Finance ministers from the Group of 7 nations said after a virtual meeting that they were finalizing details of a price cap, which they had already agreed to explore at a formal meeting earlier this year. The plan needs to be put in place by early December, ahead of a European Union embargo on Russian oil imports and a ban on the insurance and financing of Russian oil shipments. The Biden administration has been fearful that these moves could send energy prices skyrocketing and potentially tip the global economy into a recession.

Oil prices rose on Friday, with West Texas Intermediate crude, the U.S. benchmark, gaining more than 3 percent, to just over $89 per barrel.
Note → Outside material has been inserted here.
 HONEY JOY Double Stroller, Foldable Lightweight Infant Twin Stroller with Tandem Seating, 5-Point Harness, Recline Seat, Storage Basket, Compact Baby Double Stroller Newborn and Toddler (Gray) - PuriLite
Still, prices are down for the week, and well off the highs of around $120 a barrel in mid-June.

In recent months, Treasury Secretary Janet L. Yellen and her team have been traveling the globe to solidify support for the price cap idea, an untested proposal that aims to stabilize volatile energy markets that have been roiled since Russia’s invasion of Ukraine earlier this year. A central component of those discussions has been how the price would be set, and how it would be enforced.

The price cap would create an exception in European sanctions by permitting insurers to grant coverage for oil cargo only if it was being sold at or below a certain price. Britain and the European Union are global hubs for the maritime insurance industry, and bans on insuring or financing transactions involving Russian oil could cause broad disruptions to shipments of Russian oil around the world.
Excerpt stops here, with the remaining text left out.